Carlos Mérida was born Carlos Santiago Ortega in Guatemala City to Serapio Santiago Mérida and Guadalupe Ortega Barnoya. He later changed his name what is known by as he thought it was more sonorous. His brothers and children also took the Mérida name later on. He was of mixed Spanish/Maya-Quiché heritage which he promoted during his life.

As a young child, Mérida had both music and art lessons, and his first passion was music, which led to piano lessons.

From 1907 to 1909, the family went to live in the small town of Almolonga in the Quetzaltenango Department of Guatemala, where they were from. Here he continued music and art lessons.

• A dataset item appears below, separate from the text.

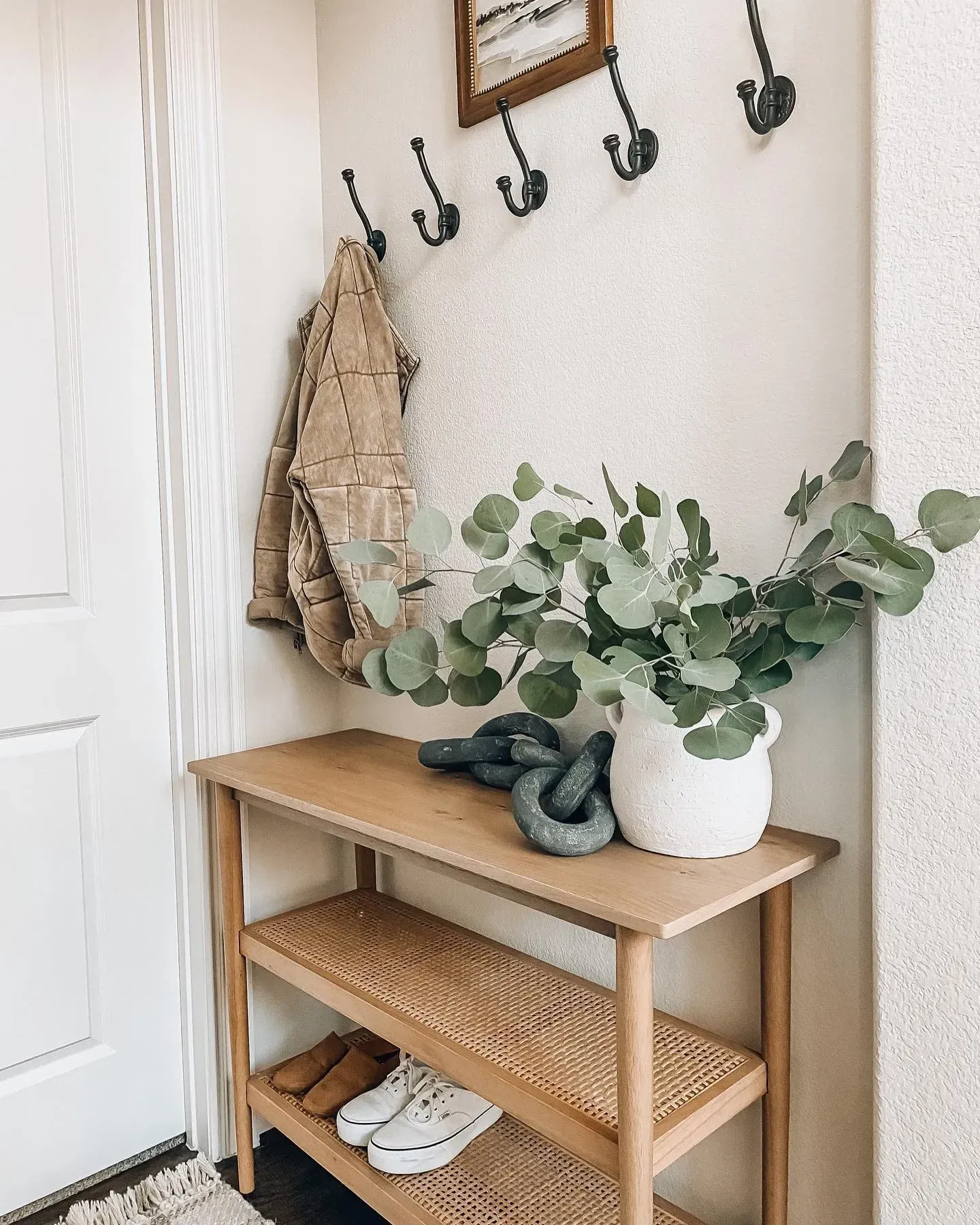 family entryway organization ideas for small spaces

At age 15, a malformation of his ear caused him to lose part of his hearing, so his father steered him towards painting. He felt "defeated" by music but found art to be an acceptable substitute. After he completed middle school and the family returned to Guatemala City, he entered a trade school called the Instituto de Artes y Oficios, then the Instituto de Ciencias y Letras. Here he began to have a reputation for the avant garde.

In 1919, he married Dalila Gálvez, with whom he had two daughters, Alma and Ana. She was from a wealthy family and understood Mérida's aspirations although her parents had reservations about the marriage. She died ten years before him in 1974.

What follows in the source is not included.